So what I’m trying to get at is that I admire the amount of research you do for this series and was wondering if you had any favourite resources (documentaries, books, forums, sites) or anecdotes about ww2 era that you found useful/ interesting or enjoyed most? Any recommendations at all to check out for this era/subject thankyou. 2/2
Hey anon! Thanks for writing in, and thanks for your kind comments! 💕 I’m so happy you’re enjoying the story. 
Let me apologize in advance for the absurd and hilarious length of this answer. I’ve been meaning to do a “research, sources, and methods” post for a while for meta reasons, and, well, here it is.
My primary source of research material is definitely books, but there are a lot of amazing resources online including material published by the U.S. Government (reports, publications, etc.) that helps me be as accurate as possible when it comes to troop movements, etc. There are about a thousand documentaries out there about the war, but you can’t go wrong with Ken Burns’ The War or World War II in Color. 
My favorite single-volume history of WWII is probably Inferno: The World at War, 1939-1945 by Max Hastings.
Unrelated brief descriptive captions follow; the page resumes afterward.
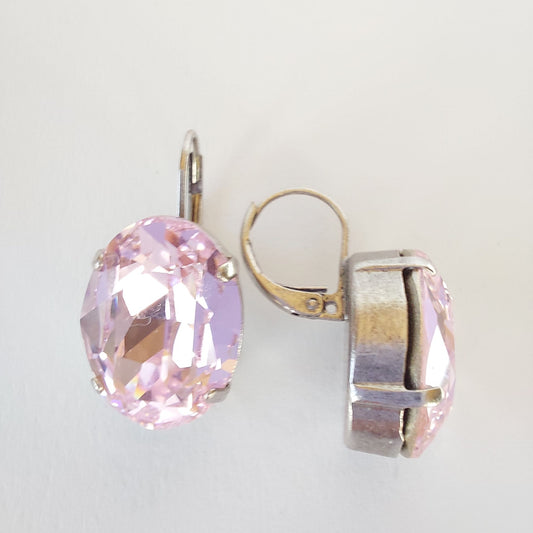 3434 Vintage-Ohrringe mit Swarovski Kristallen 27mm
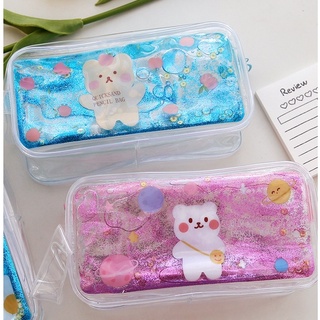Hộp bút trong suốt cỡ lớn kim tuyến nhũ chảy lấp lánh cute phong cách hàn quốc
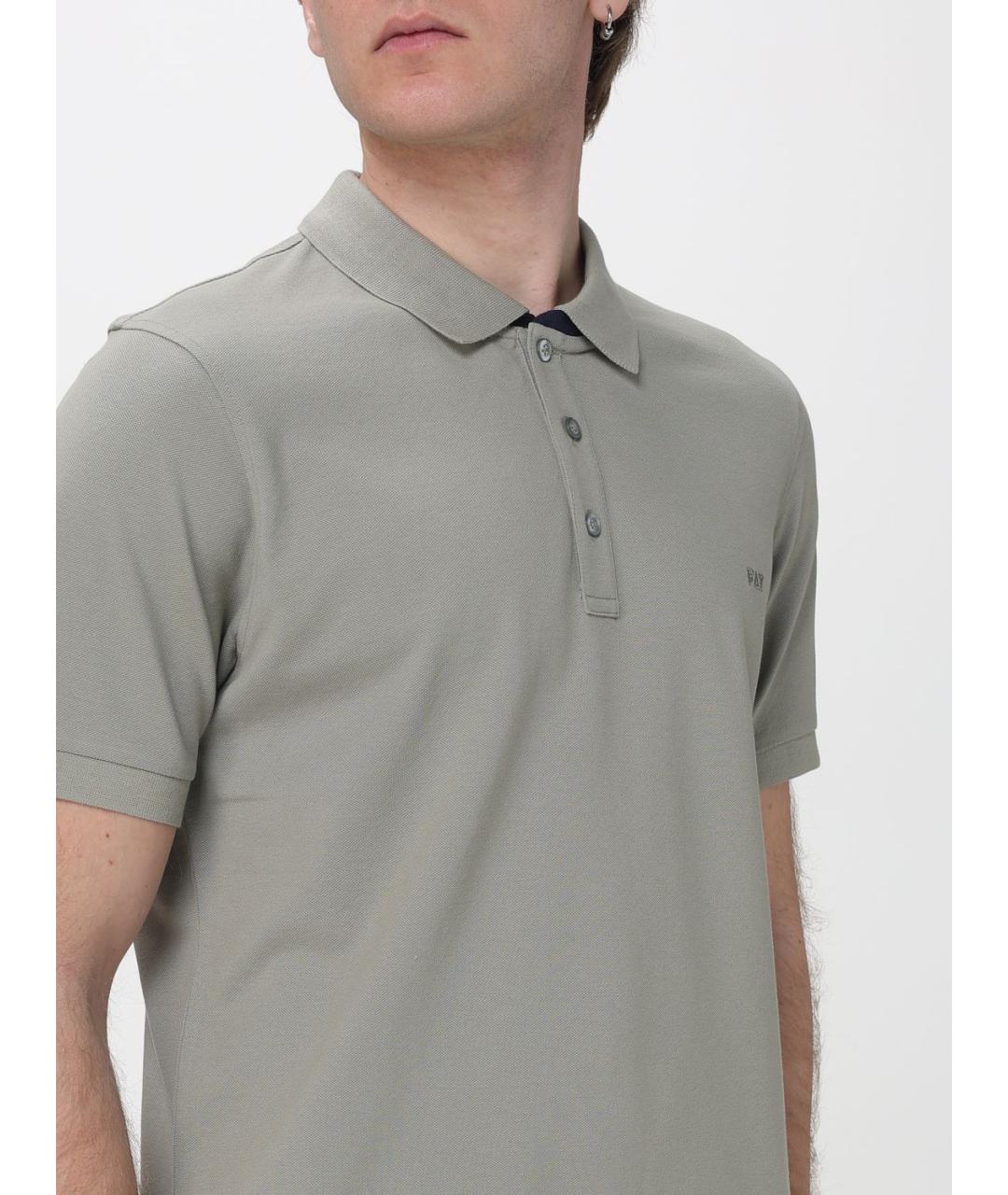 FAY Серое хлопковое поло с коротким рукавом, фото 3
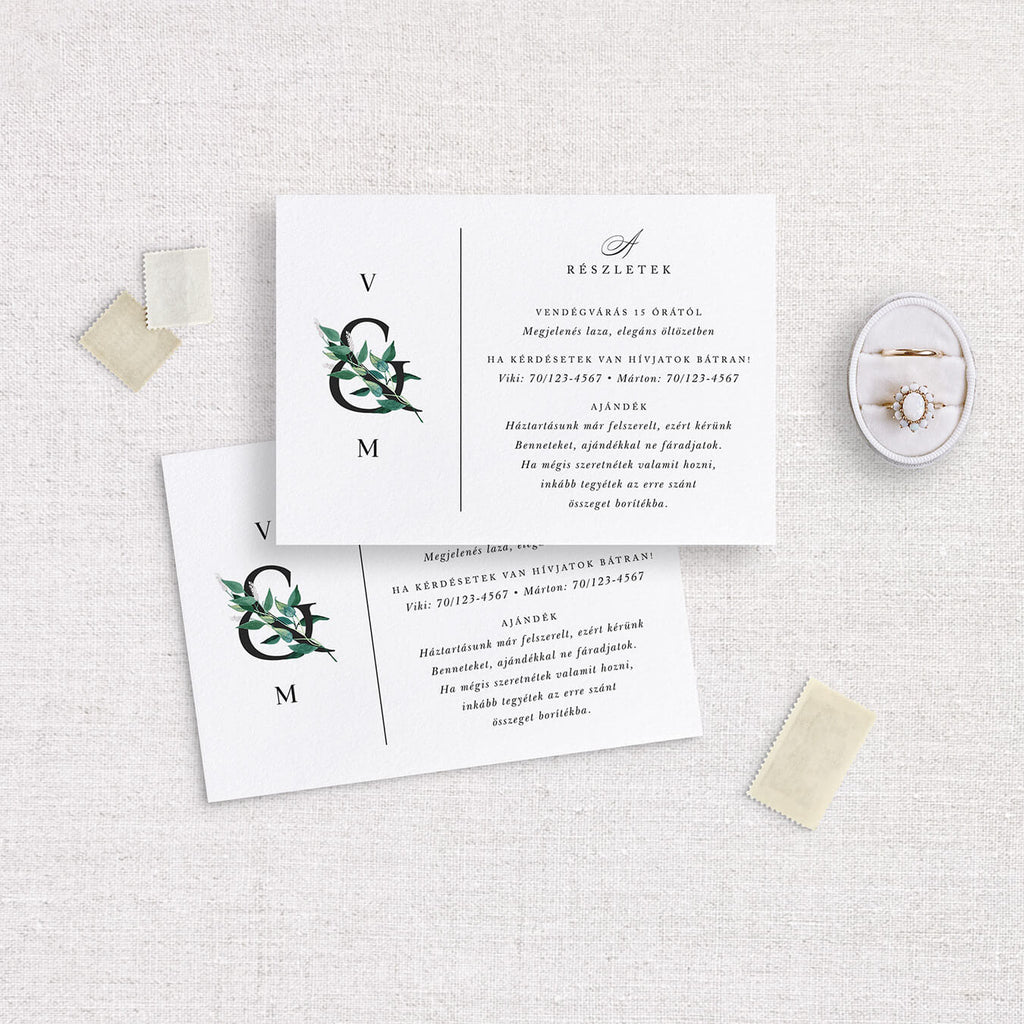 Instant Meghívó Egyszerű Greenery Esküvői Információs Kártya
It covers all theaters and it draws very heavily on primary source material–journals and messages and even letters taken from the bodies of soldiers. Its focus is on the human experience of the war rather than on a detailed military history (X brigade of Y Corps marched Z kilometers to fight a pitched battle…etc.). One of my favorite bits from that book (of which some parts made it into The Night War) is this:
“The ground for fifty yards outside is MUD—six inches deep, glistening, sticky, holding pools of water,” gunner office John Guest wrote home. “Great excavations in the mud, leaving miniature alps of mud, show where other tents have been pitched in the mud, and moved on account of the mud to other places in the mud. The cumulative psychological experience of mud… cannot be described.” [p.447]
As much as I wanted to just plagiarize this entire letter, I tried to evoke the horrible exhaustion of the mud in a few places in The Night War, such as:
I want is quiet, just some quiet and rest and to be warm with no fucking rain and no mud and no mortars but most of all I want this to be over. [September 27, 1943)
Freak accident with mortar tube in Harry’s squad and we have two dead because of I think a malfunction with mud or something I don’t know. [October 11, 1943]
Short on rations as it has been impossible conditions—this fucking mud—and we did not get resupplied before this assault so me, Glenn and Castellano have been going to each foxhole to take stock of what we have and split the difference as needed. Which means my own foxhole is a mud pit, these little shits better be grateful. [October 13, 1943]
Another great resource for writing about Bucky’s Sicily/Italy campaign was The Liberator: One World War II Soldier’s 500-Day Odyssey from the Beaches of Sicily to the Gates of Dachau by Alex Kershaw, who is really more of a pop historian than an academic like Hastings. Nonetheless, he writes on a lot of different WWII-era subjects that are all focused on individual stories, and his works are great gateway books into more rigorous nonfiction about the war. 
I’m including below a list that is not comprehensive but rather represents some of the works I’ve either found most helpful in writing The Night War or I just plain enjoyed. I’m so sorry anon, this is not what you were probably looking for!
[holy hell is there a lot under this cut]
Military History
The Rise and Fall of the Third Reich by William L. Shirer
A definitive history by a guy who was the CBS reporter stationed in Berlin in the late 30s.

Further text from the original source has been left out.